• **Data under study**
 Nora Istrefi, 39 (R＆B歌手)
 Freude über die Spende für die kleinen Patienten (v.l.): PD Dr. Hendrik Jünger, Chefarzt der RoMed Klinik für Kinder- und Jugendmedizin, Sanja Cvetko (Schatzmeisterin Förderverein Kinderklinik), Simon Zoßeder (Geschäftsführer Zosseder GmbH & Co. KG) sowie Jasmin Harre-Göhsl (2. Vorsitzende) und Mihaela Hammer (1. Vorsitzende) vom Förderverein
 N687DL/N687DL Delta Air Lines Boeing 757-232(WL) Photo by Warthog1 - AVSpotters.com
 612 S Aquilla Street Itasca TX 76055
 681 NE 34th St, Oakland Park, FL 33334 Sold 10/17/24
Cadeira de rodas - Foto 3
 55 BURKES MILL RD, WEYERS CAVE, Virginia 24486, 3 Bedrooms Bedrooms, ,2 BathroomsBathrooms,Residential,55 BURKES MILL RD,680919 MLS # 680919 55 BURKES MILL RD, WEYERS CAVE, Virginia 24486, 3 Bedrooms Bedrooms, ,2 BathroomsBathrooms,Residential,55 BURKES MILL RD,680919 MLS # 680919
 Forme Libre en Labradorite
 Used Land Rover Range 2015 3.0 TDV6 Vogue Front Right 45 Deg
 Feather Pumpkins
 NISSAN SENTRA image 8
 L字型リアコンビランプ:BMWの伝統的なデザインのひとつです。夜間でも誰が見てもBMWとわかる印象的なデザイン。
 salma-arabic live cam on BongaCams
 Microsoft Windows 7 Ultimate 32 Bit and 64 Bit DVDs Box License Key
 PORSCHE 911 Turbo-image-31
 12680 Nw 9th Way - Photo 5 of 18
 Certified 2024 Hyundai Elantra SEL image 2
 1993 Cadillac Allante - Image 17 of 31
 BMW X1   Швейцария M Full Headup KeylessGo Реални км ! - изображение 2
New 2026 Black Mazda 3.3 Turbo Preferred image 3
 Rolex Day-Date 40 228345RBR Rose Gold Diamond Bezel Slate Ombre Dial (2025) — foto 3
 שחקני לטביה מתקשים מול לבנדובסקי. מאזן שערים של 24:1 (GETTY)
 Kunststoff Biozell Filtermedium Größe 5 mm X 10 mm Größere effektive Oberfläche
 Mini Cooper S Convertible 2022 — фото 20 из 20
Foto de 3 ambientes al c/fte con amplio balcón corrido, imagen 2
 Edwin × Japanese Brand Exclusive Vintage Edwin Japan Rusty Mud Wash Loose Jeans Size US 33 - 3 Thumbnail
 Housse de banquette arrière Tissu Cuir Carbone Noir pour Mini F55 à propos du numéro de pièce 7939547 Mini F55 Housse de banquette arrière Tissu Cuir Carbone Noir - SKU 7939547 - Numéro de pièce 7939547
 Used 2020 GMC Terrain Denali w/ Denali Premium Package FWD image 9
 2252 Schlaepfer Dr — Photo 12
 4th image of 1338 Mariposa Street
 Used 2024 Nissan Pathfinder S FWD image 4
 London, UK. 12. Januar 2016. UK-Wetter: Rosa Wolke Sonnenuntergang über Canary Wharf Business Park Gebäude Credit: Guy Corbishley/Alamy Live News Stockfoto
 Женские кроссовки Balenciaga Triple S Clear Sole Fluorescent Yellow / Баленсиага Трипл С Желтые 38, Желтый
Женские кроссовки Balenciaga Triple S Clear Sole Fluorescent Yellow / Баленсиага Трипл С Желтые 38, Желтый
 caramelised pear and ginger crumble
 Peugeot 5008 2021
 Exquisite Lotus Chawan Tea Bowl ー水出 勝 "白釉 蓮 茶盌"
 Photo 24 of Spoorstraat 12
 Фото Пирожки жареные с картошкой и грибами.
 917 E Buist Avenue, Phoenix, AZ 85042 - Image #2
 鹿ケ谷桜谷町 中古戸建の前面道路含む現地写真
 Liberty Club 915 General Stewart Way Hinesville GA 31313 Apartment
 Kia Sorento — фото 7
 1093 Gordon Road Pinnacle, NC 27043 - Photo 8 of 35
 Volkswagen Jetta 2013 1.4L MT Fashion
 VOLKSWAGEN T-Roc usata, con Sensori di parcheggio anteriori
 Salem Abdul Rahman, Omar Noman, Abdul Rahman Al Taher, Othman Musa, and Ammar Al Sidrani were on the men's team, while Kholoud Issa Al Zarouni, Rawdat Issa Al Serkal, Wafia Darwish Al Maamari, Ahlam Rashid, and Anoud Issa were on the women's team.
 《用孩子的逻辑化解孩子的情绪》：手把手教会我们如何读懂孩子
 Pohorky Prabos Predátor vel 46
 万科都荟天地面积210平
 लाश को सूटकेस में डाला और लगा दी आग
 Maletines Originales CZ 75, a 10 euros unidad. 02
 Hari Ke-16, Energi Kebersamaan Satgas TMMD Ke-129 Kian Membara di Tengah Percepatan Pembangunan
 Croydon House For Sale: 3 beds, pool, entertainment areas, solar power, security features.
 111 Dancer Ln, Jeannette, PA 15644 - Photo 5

• **What to work on**
All of the data is to be written out again, word for word.

• **Reply**
 Nora Istrefi, 39 (R＆B歌手)
 Freude über die Spende für die kleinen Patienten (v.l.): PD Dr. Hendrik Jünger, Chefarzt der RoMed Klinik für Kinder- und Jugendmedizin, Sanja Cvetko (Schatzmeisterin Förderverein Kinderklinik), Simon Zoßeder (Geschäftsführer Zosseder GmbH & Co. KG) sowie Jasmin Harre-Göhsl (2. Vorsitzende) und Mihaela Hammer (1. Vorsitzende) vom Förderverein
 N687DL/N687DL Delta Air Lines Boeing 757-232(WL) Photo by Warthog1 - AVSpotters.com
 612 S Aquilla Street Itasca TX 76055
 681 NE 34th St, Oakland Park, FL 33334 Sold 10/17/24
Cadeira de rodas - Foto 3
 55 BURKES MILL RD, WEYERS CAVE, Virginia 24486, 3 Bedrooms Bedrooms, ,2 BathroomsBathrooms,Residential,55 BURKES MILL RD,680919 MLS # 680919 55 BURKES MILL RD, WEYERS CAVE, Virginia 24486, 3 Bedrooms Bedrooms, ,2 BathroomsBathrooms,Residential,55 BURKES MILL RD,680919 MLS # 680919
 Forme Libre en Labradorite
 Used Land Rover Range 2015 3.0 TDV6 Vogue Front Right 45 Deg
 Feather Pumpkins
 NISSAN SENTRA image 8
 L字型リアコンビランプ:BMWの伝統的なデザインのひとつです。夜間でも誰が見てもBMWとわかる印象的なデザイン。
 salma-arabic live cam on BongaCams
 Microsoft Windows 7 Ultimate 32 Bit and 64 Bit DVDs Box License Key
 PORSCHE 911 Turbo-image-31
 12680 Nw 9th Way - Photo 5 of 18
 Certified 2024 Hyundai Elantra SEL image 2
 1993 Cadillac Allante - Image 17 of 31
 BMW X1   Швейцария M Full Headup KeylessGo Реални км ! - изображение 2
New 2026 Black Mazda 3.3 Turbo Preferred image 3
 Rolex Day-Date 40 228345RBR Rose Gold Diamond Bezel Slate Ombre Dial (2025) — foto 3
 שחקני לטביה מתקשים מול לבנדובסקי. מאזן שערים של 24:1 (GETTY)
 Kunststoff Biozell Filtermedium Größe 5 mm X 10 mm Größere effektive Oberfläche
 Mini Cooper S Convertible 2022 — фото 20 из 20
Foto de 3 ambientes al c/fte con amplio balcón corrido, imagen 2
 Edwin × Japanese Brand Exclusive Vintage Edwin Japan Rusty Mud Wash Loose Jeans Size US 33 - 3 Thumbnail
 Housse de banquette arrière Tissu Cuir Carbone Noir pour Mini F55 à propos du numéro de pièce 7939547 Mini F55 Housse de banquette arrière Tissu Cuir Carbone Noir - SKU 7939547 - Numéro de pièce 7939547
 Used 2020 GMC Terrain Denali w/ Denali Premium Package FWD image 9
 2252 Schlaepfer Dr — Photo 12
 4th image of 1338 Mariposa Street
 Used 2024 Nissan Pathfinder S FWD image 4
 London, UK. 12. Januar 2016. UK-Wetter: Rosa Wolke Sonnenuntergang über Canary Wharf Business Park Gebäude Credit: Guy Corbishley/Alamy Live News Stockfoto
 Женские кроссовки Balenciaga Triple S Clear Sole Fluorescent Yellow / Баленсиага Трипл С Желтые 38, Желтый
Женские кроссовки Balenciaga Triple S Clear Sole Fluorescent Yellow / Баленсиага Трипл С Желтые 38, Желтый
 caramelised pear and ginger crumble
 Peugeot 5008 2021
 Exquisite Lotus Chawan Tea Bowl ー水出 勝 "白釉 蓮 茶盌"
 Photo 24 of Spoorstraat 12
 Фото Пирожки жареные с картошкой и грибами.
 917 E Buist Avenue, Phoenix, AZ 85042 - Image #2
 鹿ケ谷桜谷町 中古戸建の前面道路含む現地写真
 Liberty Club 915 General Stewart Way Hinesville GA 31313 Apartment
 Kia Sorento — фото 7
 1093 Gordon Road Pinnacle, NC 27043 - Photo 8 of 35
 Volkswagen Jetta 2013 1.4L MT Fashion
 VOLKSWAGEN T-Roc usata, con Sensori di parcheggio anteriori
 Salem Abdul Rahman, Omar Noman, Abdul Rahman Al Taher, Othman Musa, and Ammar Al Sidrani were on the men's team, while Kholoud Issa Al Zarouni, Rawdat Issa Al Serkal, Wafia Darwish Al Maamari, Ahlam Rashid, and Anoud Issa were on the women's team.
 《用孩子的逻辑化解孩子的情绪》：手把手教会我们如何读懂孩子
 Pohorky Prabos Predátor vel 46
 万科都荟天地面积210平
 लाश को सूटकेस में डाला और लगा दी आग
 Maletines Originales CZ 75, a 10 euros unidad. 02
 Hari Ke-16, Energi Kebersamaan Satgas TMMD Ke-129 Kian Membara di Tengah Percepatan Pembangunan
 Croydon House For Sale: 3 beds, pool, entertainment areas, solar power, security features.
 111 Dancer Ln, Jeannette, PA 15644 - Photo 5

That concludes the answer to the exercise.